J’espère faire voir (si je vis) que mon véritable ouvrage est un peu différent ; mais, pour achever une telle entreprise, il me faudrait plus de santé et de secours que je n’en ai.
Adieu, monsieur, conservez moi vos bontés, et ne m’oubliez pas auprès de madame du Deffand. Soyez très persuadé de mon attachement et de ma tendre et respectueuse estime.
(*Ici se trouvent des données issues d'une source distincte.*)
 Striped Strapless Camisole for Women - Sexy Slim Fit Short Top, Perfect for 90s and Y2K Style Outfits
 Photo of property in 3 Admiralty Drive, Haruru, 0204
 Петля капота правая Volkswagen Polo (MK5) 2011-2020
1 – Histoire générale d’Allemagne, 1748, 11 vol. in-4°. (G.A.)
à FRÉDÉRIC,
PRINCE HÉRÉDITAIRE DE HESSE-CASSEL.
Le 14 Mai 1754.
Monseigneur, je suis toujours émerveillé de votre belle écriture. La plupart des princes griffonnent, et votre altesse sérénissime aura peine à trouver des secrétaires qui écrivent aussi bien qu’elle. Permettez-moi d’en dire autant de votre style. Ce que vous dites des Songes physiques (1) est bien digne d’un esprit fait pour la vérité. Je ne sais qui est l’auteur de cet ouvrage, que je n’ai point vu ; mais votre extrait vaut assurément mieux que le livre.
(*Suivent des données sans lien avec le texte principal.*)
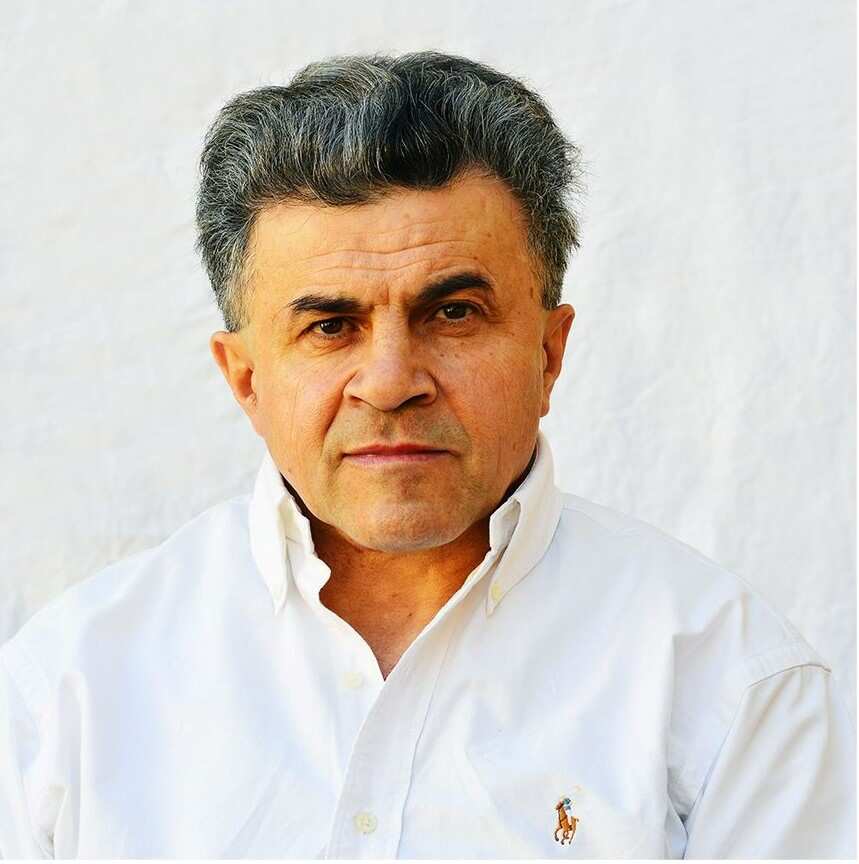 صورة حديثة لعماد طوق.jpg
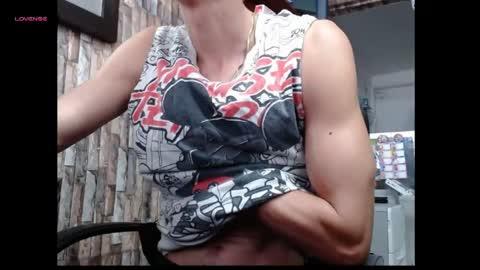 Snapshot of jhosuamoore2 chatting on May 9, 1:38 pm jhosuamoore2 online show from May 9, 1:38 pm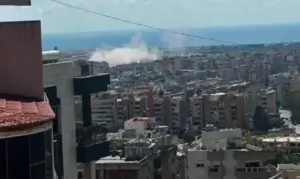 FOTOGRAFÍA. BARRIO DE DAHIEH (BEIRUT) LÍBANO, 07 DE JUNIO DE 2026. Israel ataca objetivos terroristas en Beirut tras sufrir ataque en el norte. Detalle de un lugar del impacto de un misil de precisión de las Fuerzas de Defensa de Israel (FDI) en el barrio de Dahieh, bastión del del grupo islamofascista Hezbolá, en Beirut, Líbano, este domingo, 7 de junio de 2026. Captura vídeo. Lasvocesdelpueblo (Ñ Pueblo)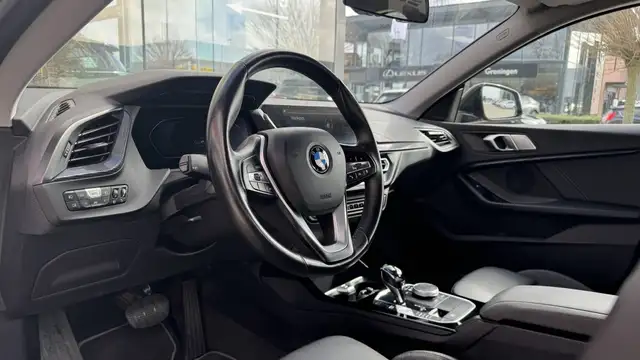 BMW 2 Series view 7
On fait à présent, à Colmar, une expérience de physique fort au-dessus de celles de l’abbé Nollet. Elle est doublement de votre ressort, puisque vous êtes physicien et prince ; il s’agit de tuer le plus d’hommes qu’on pourra, au meilleur marché possible, au moyen d’une poudre nouvelle faite avec du sel qu’on convertit en salpêtre. Le secret a déjà fait beaucoup de bruit en Allemagne, et a été proposé en Angleterre et en Danemark. En effet, on a fait de bon salpêtre avec du sel, en y versant beaucoup de nitre ; c’est-à-dire on a fait du salpêtre avec du salpêtre, à grands frais, comme on fait de l’or ; et ce n’est pas là notre compte. Les deux opérateurs qui travaillent à Colmar, en présence des députés de la compagnie des poudres en France, ont demandé quatre cent cinquante mille écus d’Allemagne pour leur secret, et un quart dans le bénéfice de la vente. Ces propositions ont fait croire qu’ils sont sûrs de leur opération. L’un est un baron de Saxe, nommé Planitz, l’autre un notaire de Manheim, nommé Boull, qui fait actuellement de l’or aux Deux-Ponts, et qui a quitté son creuset pour les chaudières de Colmar. Il y a trois mois qu’ils disent que la conversion se fera demain. Enfin le baron est parti pour aller demander en Saxe de nouvelles instructions à un de ses frères qui est grand magicien. Le notaire reste toujours pour achever son acte authentique, et il attend patiemment que le nitre de l’air vienne cuire son sel dans ses chaudières, et le faire salpêtre. Il est bien beau à un homme comme lui de quitter le grand œuvre pour ces bagatelles. Jusqu’à présent le nitre de l’air ne l’a pas exaucé ; mais il ne doute pas du succès. Voilà de ces cas où il ne faut avoir de foi que celle de saint Thomas, et demander à voir et à toucher.
Je suis bien fâché, monseigneur, d’être à Plombières pendant que votre altesse sérénissime va à Spa et à Aix. Peut-être ne dirigerai-je pas toujours ma course si mal.
Je renouvelle à votre altesse sérénissime, monseigneur, mon respect, etc…
1 – Dans une lettre en date du 7 mai, le prince se moquait des Songes physiques, ouvrage du frère de Maupertuis, qu’il attribuait à Maupertuis lui-même. (G.A.)